Edward Gibbon was one of the world's greatest historians and a towering figure of his age. When he died in 1794 he left behind the unfinished drafts of his Memoirs, which were posthumously edited by his friend Lord Sheffield, and remain an astonishing portrait of a rich, full life. Recounting Gibbon's sickly childhood in London, his disappointment with an Oxford 'steeped in port and prejudice', his successful years in Lausanne, his first and only love affair and the monolithic achievement of The Decline and Fall of the Roman Empire, he distils his genius for history into a remarkable gift for autobiography. Candid and detailed, these writings are filled with warmth and intellectual passion.

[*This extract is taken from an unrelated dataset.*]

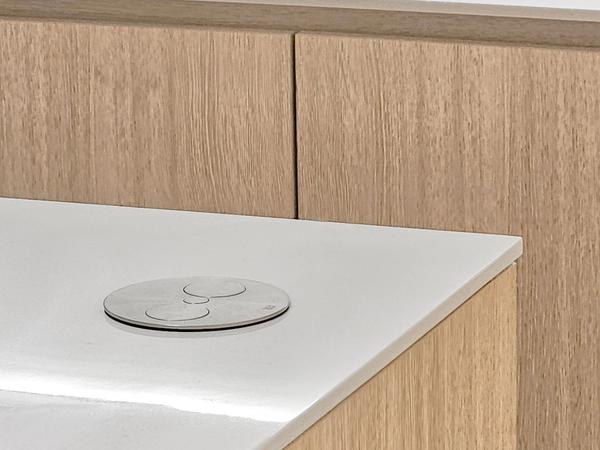 방배삼호4차아파트 11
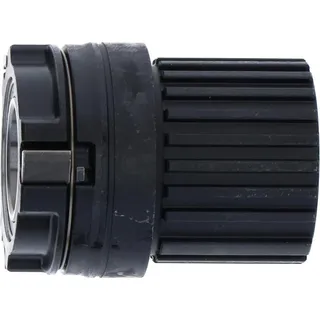 SHIMANO FH-TC600 Freilaufkörper UT Mikroverzahnung - präziser Freilauf für mo...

  • Published: 29 June 2006
  • ISBN: 9780141958620
  • Imprint: Penguin eBooks
  • Format: EBook
  • Pages: 240
Categories:

About the author

Edward Gibbon

Edward Gibbon was born in 1737, in Putney, and was the only child of his parents to survive infancy. Although his education was frequently interrupted by ill health, his knowledge was far-reaching. His brief career as an undergraduate at Magdalen College, Oxford, ended when he joined the Catholic Church. His father sent him to Lausanne, in Switzerland, where, while studying Greek and French for the next five years, he re-joined the Protestant Church.

In 1761 he published his Essai sur l'étude de la Littérature; the English version appeared in 1764. Meanwhile, Gibbon served as a captain in the Hampshire Militia until 1763, when he returned to the Continent. It was while he was in Rome in 1764 that he first conceived the work that was eventually to become The History of the Decline and Fall of the Roman Empire. After the death of his father, Gibbon settled in London and in 1774 was elected to Parliament where he sat for the next eight years, although he never once spoke in the Commons. He also took his place among the literary circles of London.

The first volume of his famous History was published in 1776; it was highly praised for its learning and style but incurred some censure for its treatment of the early Christians. The second and third volumes appeared in 1781 and the final three, which were written in Lausanne, in 1788. He died while on a visit to his friend, Lord Sheffield, who posthumously edited Gibbon's autobiographical papers and published them in 1796.